*** Opening of Recorded data ***
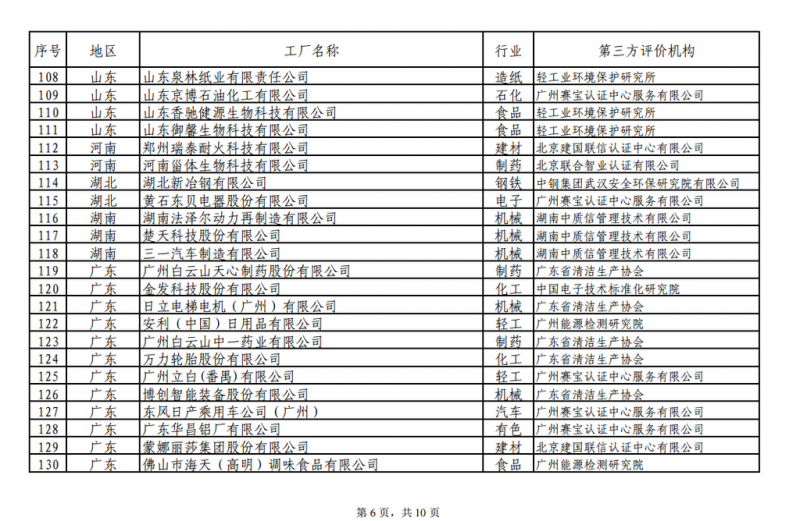工信部發布綠色工廠公示名單 陽光電源、上能電氣和蘇州騰輝等光伏企業入選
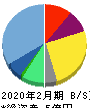 WACUL 貸借対照表 2020年2月期 WACUL 貸借対照表 2020年2月期
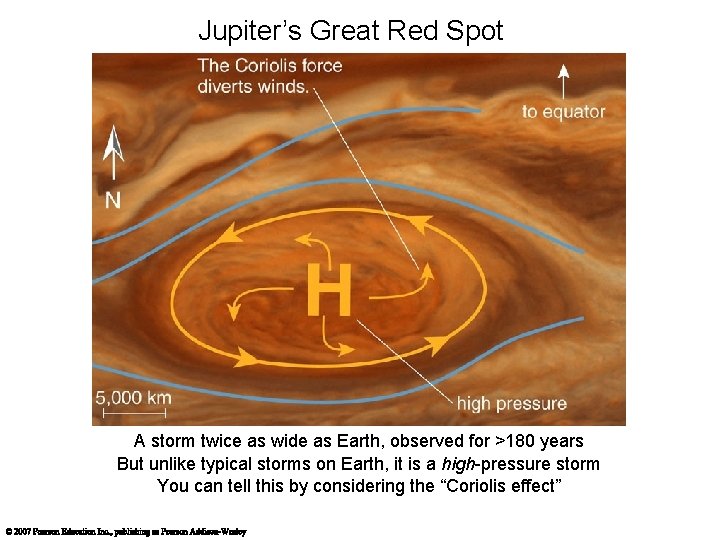 Jupiter’s Great Red Spot A storm twice as wide as Earth, observed for >180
*** Close of Recorded data ***
Action item:
Where the line holding "WACUL 貸借対照表 2020年2月期 WACUL 貸借対照表 2020年2月期" appears, start copying, and continue exactly through the last line of the listing, both ends included, skipping the pictures.

Reply:
 WACUL 貸借対照表 2020年2月期 WACUL 貸借対照表 2020年2月期
 Jupiter’s Great Red Spot A storm twice as wide as Earth, observed for >180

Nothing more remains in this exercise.